Provided data ::
§ §

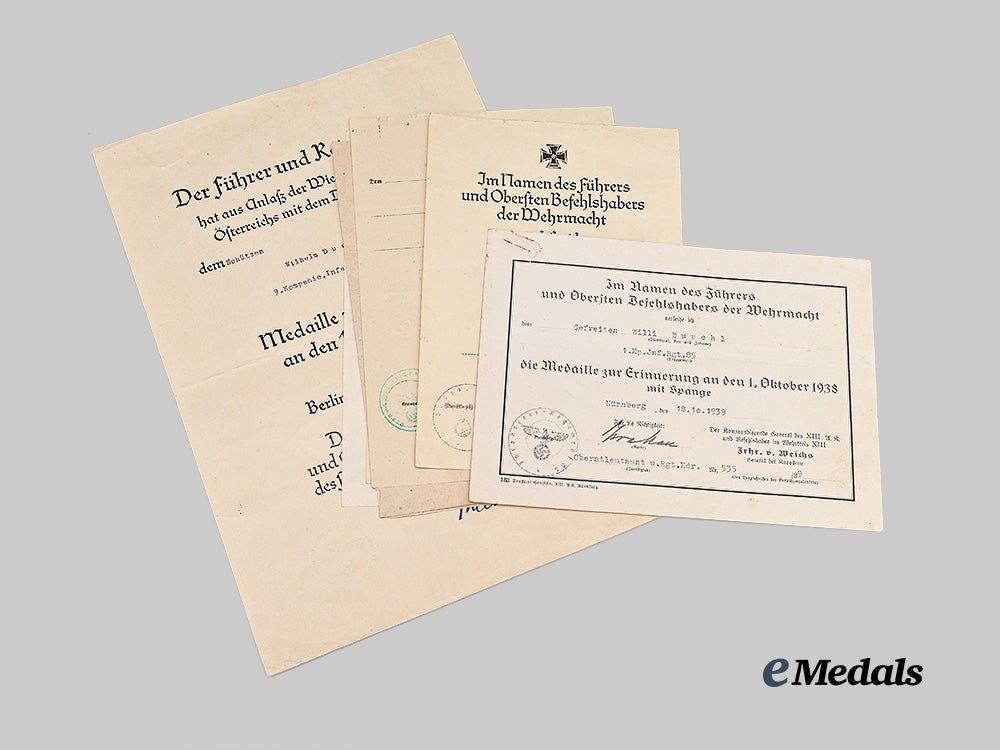 germany,_heer._a_lot_of_award_documents_to_wilhelm_duschl,_battle_of_crete_combatant_e_medals__g62942_2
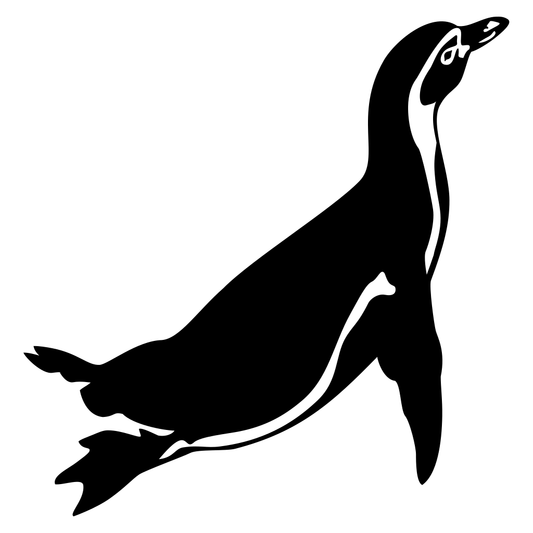 Elegant penguin silhouette design for creative projects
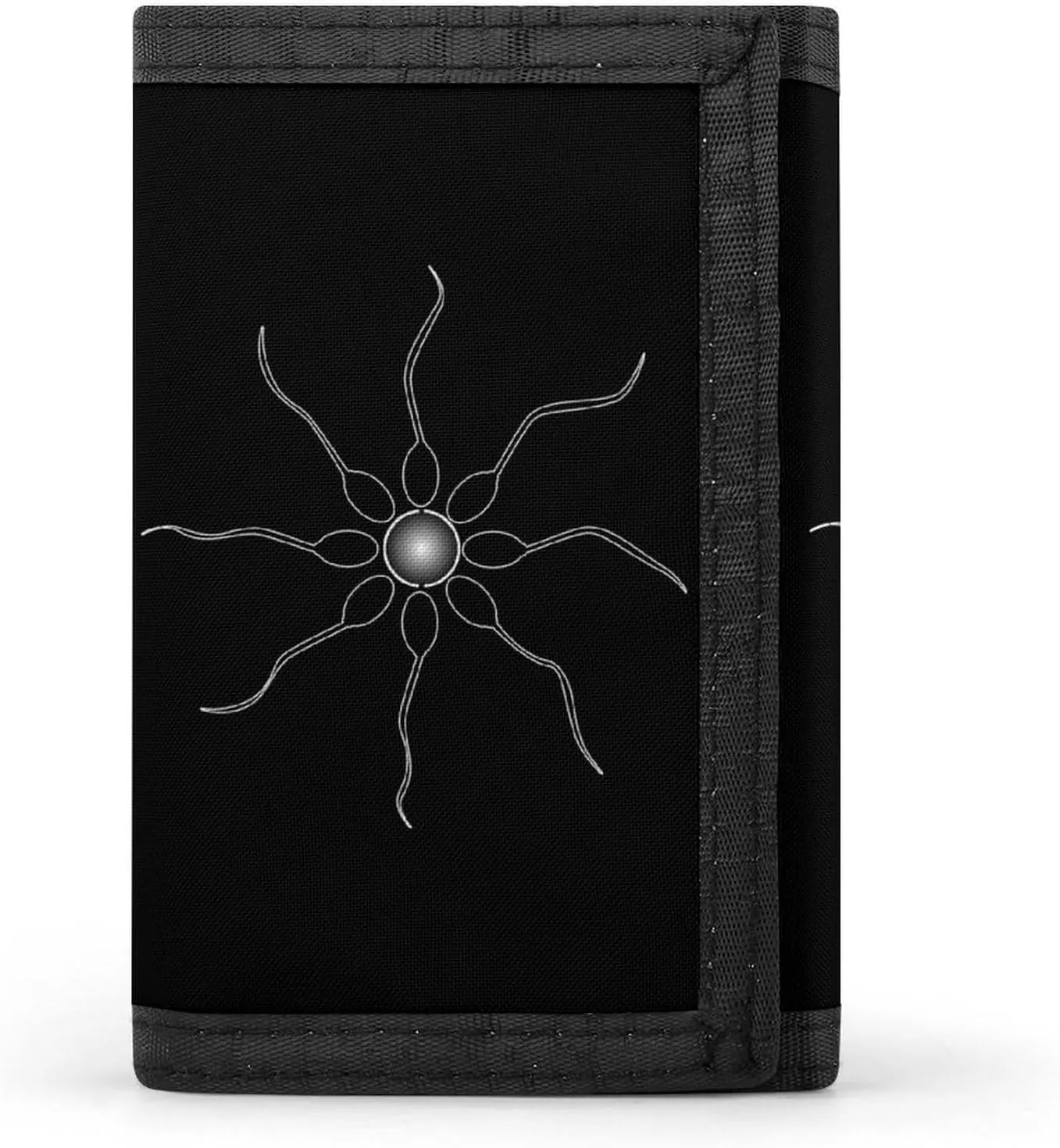 Egg Sperm Reproduction Mens Trifold Wallet 8 Card Holders Purse with Keychain & Photo Window Money Clip Travel Accessories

§ §

Repeat the data above word for word, without pictures.

Answer ::
 germany,_heer._a_lot_of_award_documents_to_wilhelm_duschl,_battle_of_crete_combatant_e_medals__g62942_2
 Elegant penguin silhouette design for creative projects
 Egg Sperm Reproduction Mens Trifold Wallet 8 Card Holders Purse with Keychain & Photo Window Money Clip Travel Accessories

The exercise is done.